O GLOBO - 16/09/10
Louve-se a sinceridade de José Dirceu numa campanha em que ela não tem sido a matéria prima.
Ele não sabia que estava sendo ouvido pelo que considera o grande inimigo: a imprensa. É uma sinceridade desavisada, mas Dirceu repete o que muita gente diz no partido: com Dilma, o PT vai mandar mais do que com Lula e fazer o seu “projeto”, seja lá o que for isso.
A julgar pelo que José Dirceu disse no encontro com petroleiros na Bahia, o presidente Lula é grande demais, engoliu o partido. “É duas vezes maior do que o PT.” Já Dilma, ele define como uma liderança que não tinha “grande expressão popular, eleitoral, nem raiz histórica no país”. Neste ponto, José Dirceu não foi exato.
Não é que ela não tinha “grande”, ela não tinha qualquer expressão, nem popular, nem eleitoral, nem raiz histórica. Ele sabe.

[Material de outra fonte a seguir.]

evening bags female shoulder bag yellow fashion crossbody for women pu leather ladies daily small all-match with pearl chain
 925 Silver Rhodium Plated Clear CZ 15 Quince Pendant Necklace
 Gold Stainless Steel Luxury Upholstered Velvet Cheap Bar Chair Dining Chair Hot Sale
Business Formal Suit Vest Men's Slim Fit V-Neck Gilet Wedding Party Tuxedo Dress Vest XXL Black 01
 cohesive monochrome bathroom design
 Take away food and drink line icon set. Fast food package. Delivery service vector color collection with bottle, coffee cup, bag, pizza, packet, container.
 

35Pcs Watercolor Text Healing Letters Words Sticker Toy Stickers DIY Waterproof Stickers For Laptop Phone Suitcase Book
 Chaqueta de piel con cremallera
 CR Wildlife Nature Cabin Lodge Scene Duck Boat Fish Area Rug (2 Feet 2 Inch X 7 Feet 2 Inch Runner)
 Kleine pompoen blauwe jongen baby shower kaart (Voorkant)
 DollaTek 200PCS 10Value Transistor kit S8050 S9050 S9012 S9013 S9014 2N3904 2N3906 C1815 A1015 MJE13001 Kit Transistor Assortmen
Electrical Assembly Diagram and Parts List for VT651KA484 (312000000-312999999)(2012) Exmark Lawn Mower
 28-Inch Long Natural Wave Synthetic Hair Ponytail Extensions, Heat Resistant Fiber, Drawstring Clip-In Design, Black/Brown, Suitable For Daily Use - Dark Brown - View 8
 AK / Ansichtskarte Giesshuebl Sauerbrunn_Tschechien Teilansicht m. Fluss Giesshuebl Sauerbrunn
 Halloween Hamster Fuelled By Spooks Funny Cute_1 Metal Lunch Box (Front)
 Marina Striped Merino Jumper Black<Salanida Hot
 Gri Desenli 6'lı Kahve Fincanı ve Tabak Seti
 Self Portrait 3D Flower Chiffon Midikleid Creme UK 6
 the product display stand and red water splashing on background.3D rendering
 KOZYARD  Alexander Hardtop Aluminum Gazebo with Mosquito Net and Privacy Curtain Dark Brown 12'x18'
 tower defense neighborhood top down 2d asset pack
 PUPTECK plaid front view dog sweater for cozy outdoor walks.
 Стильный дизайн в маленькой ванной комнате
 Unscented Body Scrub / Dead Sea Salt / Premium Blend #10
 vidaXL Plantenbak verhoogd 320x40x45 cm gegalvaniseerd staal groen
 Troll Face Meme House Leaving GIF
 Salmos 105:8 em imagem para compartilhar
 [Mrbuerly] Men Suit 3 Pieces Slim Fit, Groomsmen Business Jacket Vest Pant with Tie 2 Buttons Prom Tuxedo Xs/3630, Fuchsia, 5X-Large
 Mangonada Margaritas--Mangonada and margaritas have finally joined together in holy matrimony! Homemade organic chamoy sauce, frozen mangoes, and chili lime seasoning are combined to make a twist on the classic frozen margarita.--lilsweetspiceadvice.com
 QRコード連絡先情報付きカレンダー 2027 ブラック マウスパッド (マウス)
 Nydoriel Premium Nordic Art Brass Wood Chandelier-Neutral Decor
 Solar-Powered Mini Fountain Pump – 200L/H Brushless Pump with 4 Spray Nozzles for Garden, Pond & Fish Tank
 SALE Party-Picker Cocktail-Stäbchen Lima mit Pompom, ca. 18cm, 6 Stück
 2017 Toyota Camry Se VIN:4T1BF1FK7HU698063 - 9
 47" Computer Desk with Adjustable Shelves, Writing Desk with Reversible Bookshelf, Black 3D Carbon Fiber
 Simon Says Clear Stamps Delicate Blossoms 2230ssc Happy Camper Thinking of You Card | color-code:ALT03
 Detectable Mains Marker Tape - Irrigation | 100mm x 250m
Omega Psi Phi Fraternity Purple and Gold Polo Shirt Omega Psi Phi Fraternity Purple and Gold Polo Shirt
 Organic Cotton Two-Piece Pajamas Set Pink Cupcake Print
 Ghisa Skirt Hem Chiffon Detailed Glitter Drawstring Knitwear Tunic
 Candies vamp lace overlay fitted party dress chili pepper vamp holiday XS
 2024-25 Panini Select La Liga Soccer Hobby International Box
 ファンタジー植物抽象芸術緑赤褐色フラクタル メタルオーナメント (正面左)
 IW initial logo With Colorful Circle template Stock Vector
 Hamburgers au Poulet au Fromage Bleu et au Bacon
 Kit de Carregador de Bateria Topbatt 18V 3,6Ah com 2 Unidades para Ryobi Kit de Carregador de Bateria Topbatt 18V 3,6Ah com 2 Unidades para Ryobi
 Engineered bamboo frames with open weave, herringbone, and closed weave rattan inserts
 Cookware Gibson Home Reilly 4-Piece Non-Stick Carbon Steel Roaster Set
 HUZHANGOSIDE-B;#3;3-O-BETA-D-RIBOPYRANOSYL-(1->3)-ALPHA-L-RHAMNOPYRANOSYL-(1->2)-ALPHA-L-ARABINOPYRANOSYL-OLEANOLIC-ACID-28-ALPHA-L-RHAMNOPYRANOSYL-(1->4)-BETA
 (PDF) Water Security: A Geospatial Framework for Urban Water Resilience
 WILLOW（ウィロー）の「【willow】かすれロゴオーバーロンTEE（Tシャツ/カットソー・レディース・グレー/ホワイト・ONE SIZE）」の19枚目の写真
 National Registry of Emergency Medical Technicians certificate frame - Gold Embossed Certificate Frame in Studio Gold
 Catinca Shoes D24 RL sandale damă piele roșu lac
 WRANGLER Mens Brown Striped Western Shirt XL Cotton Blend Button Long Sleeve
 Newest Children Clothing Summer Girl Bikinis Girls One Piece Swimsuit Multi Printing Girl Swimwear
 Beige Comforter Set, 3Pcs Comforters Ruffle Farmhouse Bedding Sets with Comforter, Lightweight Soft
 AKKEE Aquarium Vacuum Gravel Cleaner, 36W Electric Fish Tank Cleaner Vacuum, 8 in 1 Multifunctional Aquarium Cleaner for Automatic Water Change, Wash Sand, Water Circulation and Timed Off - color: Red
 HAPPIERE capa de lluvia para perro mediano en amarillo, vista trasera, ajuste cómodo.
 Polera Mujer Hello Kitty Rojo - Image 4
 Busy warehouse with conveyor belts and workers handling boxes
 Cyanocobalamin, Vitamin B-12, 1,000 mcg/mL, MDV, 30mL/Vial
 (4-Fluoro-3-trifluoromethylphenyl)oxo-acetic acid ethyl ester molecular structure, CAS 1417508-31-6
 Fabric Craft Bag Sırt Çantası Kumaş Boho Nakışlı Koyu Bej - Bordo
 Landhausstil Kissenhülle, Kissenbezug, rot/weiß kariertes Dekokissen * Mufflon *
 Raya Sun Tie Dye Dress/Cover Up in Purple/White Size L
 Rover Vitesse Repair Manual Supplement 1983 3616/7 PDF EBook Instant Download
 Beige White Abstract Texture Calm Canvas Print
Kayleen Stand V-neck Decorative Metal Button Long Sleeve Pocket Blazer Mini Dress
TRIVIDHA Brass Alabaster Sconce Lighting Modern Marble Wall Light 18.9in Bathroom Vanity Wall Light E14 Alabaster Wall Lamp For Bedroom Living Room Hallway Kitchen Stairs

Será que José Dirceu acha que Lula é passado? Ficou maior que o partido, governou seu próprio projeto, vai eleger sua escolhida e depois sair de cena? Talvez seja preciso combinar com o próprio Lula que, vivendo agora seu melhor momento, tem claras ambições futuras.
Curioso, o Lula. Ele nunca foi um fenômeno eleitoral.
Perdeu três eleições, e as duas que ganhou foi apenas no segundo turno, mesmo disputando com candidatos que não têm seu talento de encantador de plateias. Ele é fenômeno eleitoral agora quando, ao sair, transforma uma desconhecida, recémchegada ao partido, com falhas explícitas na comunicação, em favorita das intenções de voto. Lula não foi um espanto quando disputou o voto para ele mesmo.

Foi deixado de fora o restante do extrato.